Tre mostri
“C’erano una volta due mostri che vivevano a metà strada tra il mare e la giungla, in un posto pieno di rocce”. Le vorrebbero spostare ma sono troppo pigri finchè un giorno arriva un aiuto insperato: un mostro giallo che i due amici pensano di sfruttare per quel lavoro e ributtare poi a mare. Apparentemente tutto sembra andare come previsto ma i due saranno molto sorpresi, e i lettori con loro, dal risultato finale.
Fu’ad e Jamila
Grandi tavole illustrate accompagnano la semplice storia di una giovane coppia in attesa di un figlio, in fuga verso la “terra dove tutto è possibile, là dove la notte non esiste e il cibo non manca”. L’albo è di qualche anno fa ma non ha perso nulla della sua forza e riesce a raccontare anche ai più piccoli il dramma sempre attuale dei tanti che cercano la salvezza attraversando il mare.
Rosso. Una storia raccontata da Matita
“Era rosso. Ma come rosso non era un granchè”. Pochissime parole accompagnano la storia di una matita rossa di nome ma non di fatto, visto che non sa far altro che tracciare linee e disegni blu. Un modo originale per far riflettere i più piccoli sulla diversità di ciascuno e su quanto di positivo c’è nelle caratteristiche individuali e nelle relazioni.

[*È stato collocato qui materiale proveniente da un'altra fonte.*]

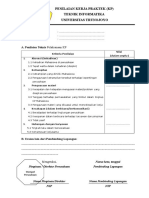 form-kp-0506.doc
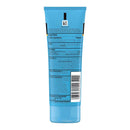 Neutrogena Hydro Boost Water Gel Lotion Sunscreen SPF 50, 3-ounce Tube (Each)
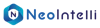 Neointelli Technologies logo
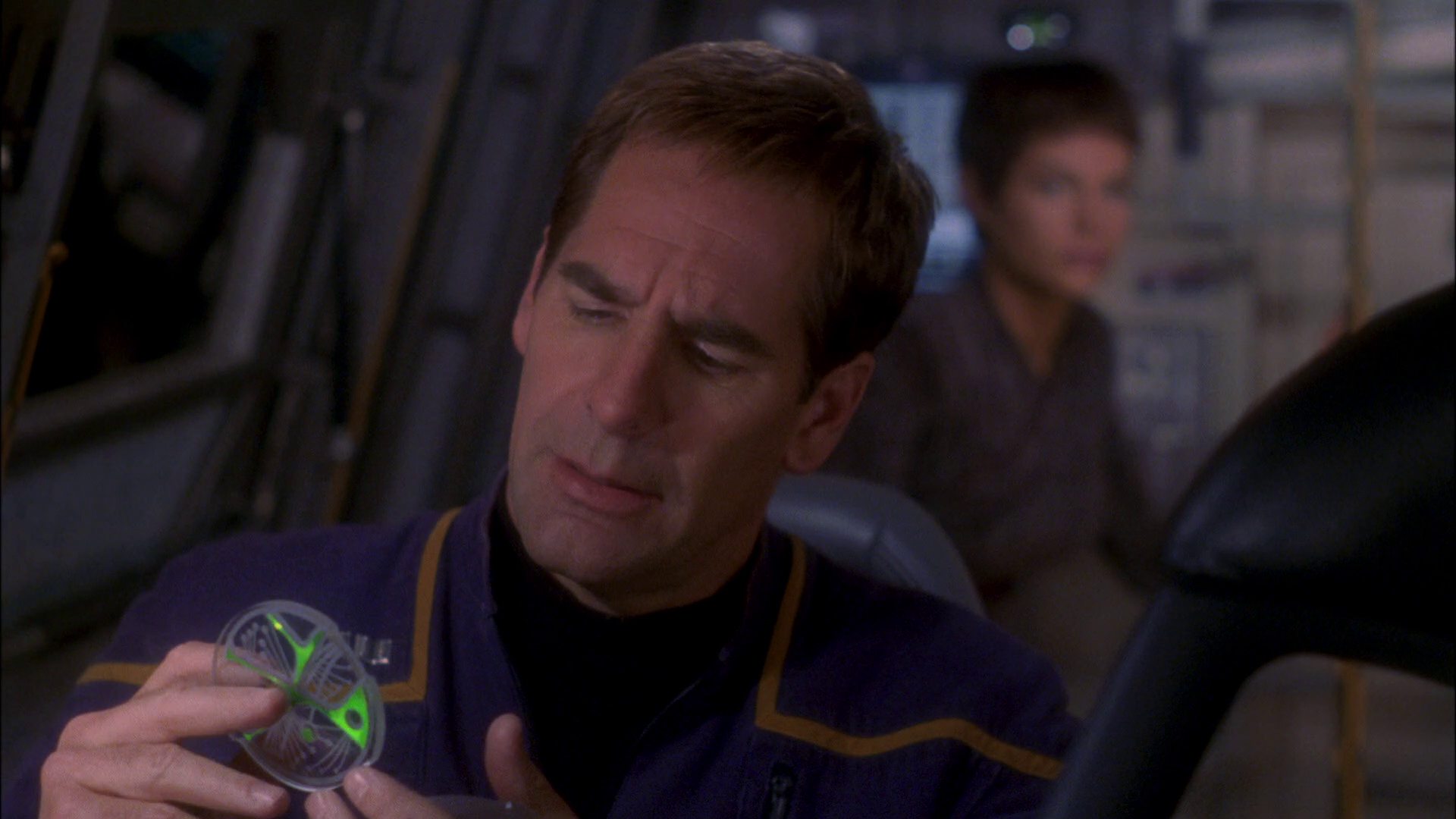 extant_StarTrek_ENT_1x26-_ShockwavePart1_2661.jpg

L’altro fronte. 1915-2015 la grande guerra delle donne
“…guardate, ascoltate. Leggete la lettera di questa contadina a suo figlio e osservate il suo forcone pieno di filo spinato. Immaginate di essere Mata Hari, o una ragazza mandata al fronte a far piacere ai soldati, o una maestra di bambini i cui padri sono in guerra. Voi cosa avreste fatto? Come vi sareste comportate? Voi cosa fareste, oggi, se vi dicessero: cosa sei disposta a sacrificare per ottenere quello che vuoi e davvero cos’è, lo sai, quello che vuoi”. In queste parole di Concita De Gregorio, che aprono il libro, c’è un invito rivolto alle ragazze, ma anche ai loro compagni, perché imparino a guardare, a mettersi in ascolto delle tante storie, come quelle narrate per parole ed immagini in questo libro. Perché attraverso queste storie capiscano che “la storia siamo noi. Esistono le vite. Le persone. Esistono i gesti, a volte anche solo uno”.
Un pesce sull’albero
“E allora penso che se qualcuno appendesse su di me un cartello con sopra scritta una cosa qualunque, il solo fatto di avere quel cartello non mi farebbe essere quella cosa. Ma mi hanno sempre detto che sono “lenta”. Me lo hanno detto in faccia, come se fossi troppo scema per capire di cosa stessero parlando. La gente si comporta come se le parole “lettrice lenta” dicessero tutto quello che c’è all’interno. Come se io fossi una lattina di zuppa e a loro bastasse leggere la lista degli ingredienti per sapere tutto di me. C’è un sacco di roba da sapere sulla zuppa che non si può mettere sull’etichetta, tipo che profumo ha e che sapore ha e come vi farà sentire caldi quando la mangerete. E io sono molto di più di una semplice ragazza che non riesce a leggere bene”. Basato sulla sua esperienza personale, l’autrice racconta di Ally e della sua dislessia, di pregiudizi e fatiche ma anche di amicizia e voglia di imparare, anche se questo significa lavorare duramente.